State records show Aguirre does not have a regular driver license, but only a Class E learner’s permit, which requires someone who’s at least 21 be in the front seat when he drives. The report on the crash says the two were the only ones in the 2002 Ford F-150 pickup when Aguirre lost control on a wet road west of Lantana.

No charges have been filed for now as the investigation continues, the Palm Beach County Sheriff’s Office said Tuesday. The Post has been unable to make contact either with Jimmy Aguirre or his family.

The suit said the Lyft driver “had a duty to request ID for confirmation of her (St. Louis’) age and to refuse transport after the driver would have learned that was under 18, and in fact 5 years younger than 18.” It says the driver had a duty to get the parent’s consent and to call Lyft’s “Critical Response Line” for guidance.

“They took a vulnerable child out of the home,” attorney Scott M. Fischer told The Post on Tuesday, “and drove her 9 miles into the hands of a 17-year-old male, which proceeded to cause her death, which we don’t believe would have happened had Lyft acted responsibly.” He said lawyers believe Karenine left her house at about 1 a.m.

According to Lyft’s web page, children 17 and under are forbidden to ride alone.

Relatives and friends of Karenine created an online page July 13 to raise money for her funeral. By Tuesday afternoon, it had raised about half of the $5,000 goal.
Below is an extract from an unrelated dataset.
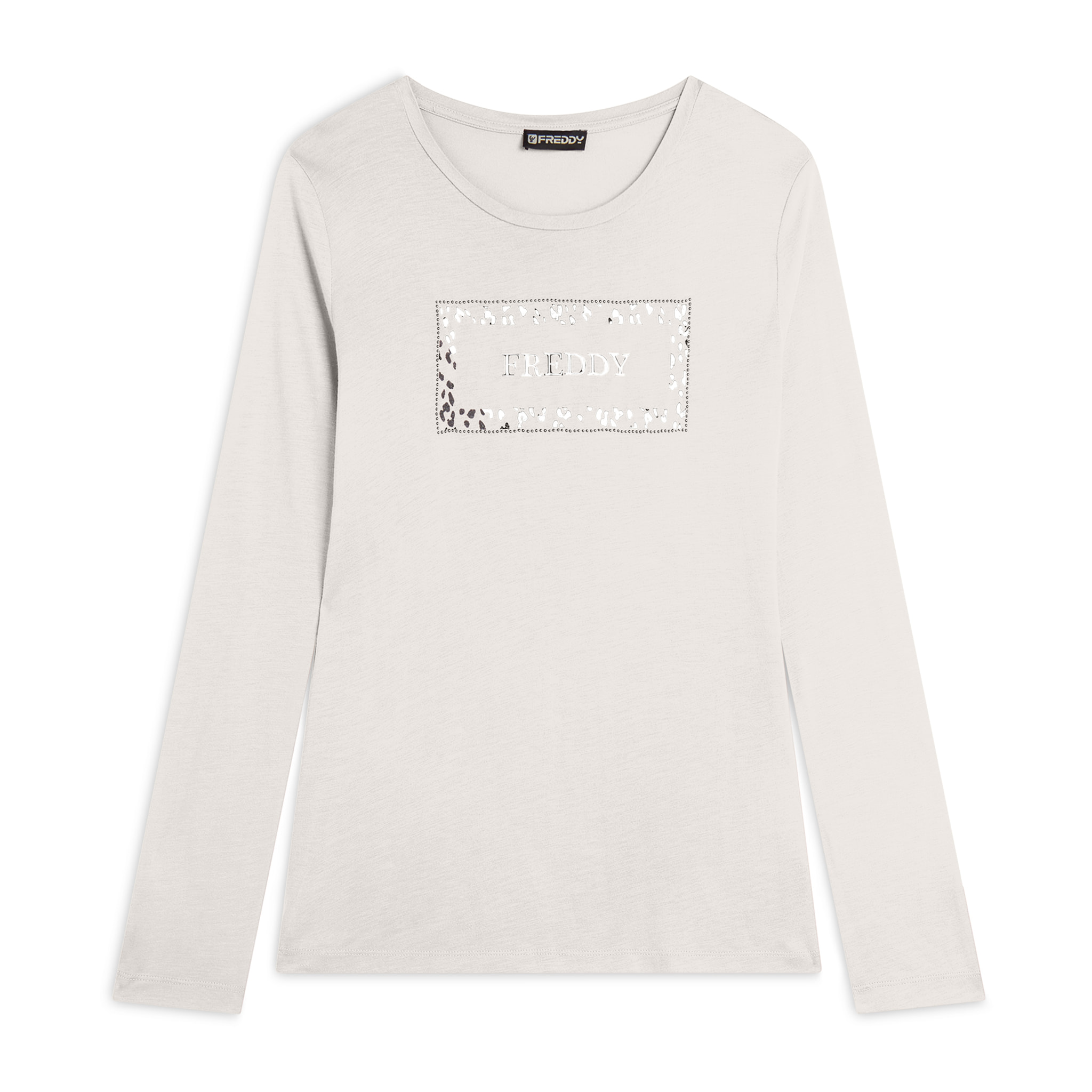 T-shirt donna manica lunga con stampa animalier oro rosa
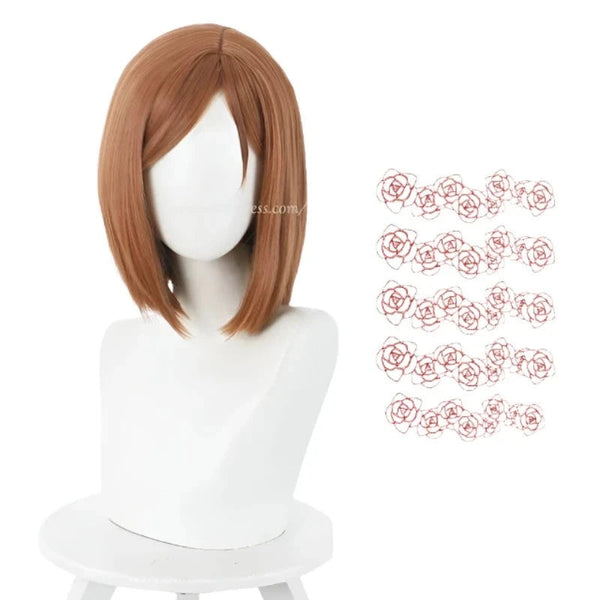 Anime Kugisaki Nobara Cosplay Wig Brown Orange Short Heat Resistant Synthetic Hair Wigs Facial Hair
“Karenine’s mother and family are in desperate need for your prayers, support and donations as she tries to piece together the circumstances of her daughter’s passing of her soul,” the page said. It said funeral details were incomplete.

The 1,700-student Somerset Canyons charter school in suburban Boynton Beach, the charter school Karenine attended, will plant a tree to honor her when students return for the fall, an assistant principal said this past week. Karenine was about to start her third year there and was to be in the eighth grade. She was in advanced classes in the school’s medical program and wanted to be a psychiatrist.